In the beginning of a relationship, both partners are leading separate lives and have much to share with each other. Over time, couples often give up their independent activities. They may let go of friends and interests, and start “living for” the other. When people don’t have some time apart, a can relationship lose its mystery. The opposite can also occur: both people may go separate ways, and when things are bad, their differences become glaring. In addition to the natural forces that can dull relationships, resentments can choke the very life out of anything that is left. But love does not have to die. There are many things couples can do to rekindle the fading embers:
- Heal the resentments that are choking your relationship. Take action to reclaim your power and repeatedly sympathize with any distress your partner feels as a result. When you can’t resolve conflicts on your own, find help!
- Get a life. Be sure to have interests or hobbies separate from your partner. Make yourself happy and share what you’ve been doing. Ask yourself, “What would I do if I didn’t spend so much time worrying about my partner?”
- Make separate lists of fun and exciting activities each person would like to do with the other. This can include simple activities such as showering together, massage, walks, or dancing. Do one activity a week, even if you are feeling “lazy.”
- Make separate “caring lists” of things your partner does or used to do that make you feel loved. Add any behaviors that you’ve always wanted but never had, such as cards, flowers, little presents, hugs, opening car doors, compliments, holding hands, nonsexual touches, and good-bye kisses. Romantic gestures are particularly important for helping caregivers find relief from constantly attending to others. The resulting improvements in mood will make romance well worth the effort.

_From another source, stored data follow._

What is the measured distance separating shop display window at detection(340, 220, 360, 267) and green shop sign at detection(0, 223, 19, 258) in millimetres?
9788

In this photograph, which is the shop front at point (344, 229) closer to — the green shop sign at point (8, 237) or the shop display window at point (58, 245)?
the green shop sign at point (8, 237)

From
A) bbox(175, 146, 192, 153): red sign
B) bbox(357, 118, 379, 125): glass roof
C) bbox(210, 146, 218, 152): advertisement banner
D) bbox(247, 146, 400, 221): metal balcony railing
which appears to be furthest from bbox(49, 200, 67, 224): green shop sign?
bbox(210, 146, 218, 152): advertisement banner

- Perform caring behaviors regularly. They are gifts. Give them in spite of how you feel about your partner and regardless of the caring that is being shown to you. Freely given thoughtful actions will always result in positive returns.
- Train your partner to be romantic by showing appreciation of caring and by giving gentle reminders: “Don’t forget my good-bye kiss.” or “You don’t know how much I enjoyed going out tonight!” Even if you have to ask for it, a caring behavior counts. The best way to love someone is to help him or her to be successful in loving you.
- Go on weekend getaways to make romantic connections without distractions. Just planning and looking forward to an event can re-energize relationships.
- Find a cause that interests you separately or as a couple. Extending the energy in your relationship beyond yourselves creates “soul mates.”
- Don’t compare your relationship to movies and romance novels. Mature love is more about being comfortable with and enjoying someone than about an all-consuming obsession.
Put a few of these suggestions into your relationship, and watch it move in a positive, energizing direction! A little goes a long way when it comes to sharing your love.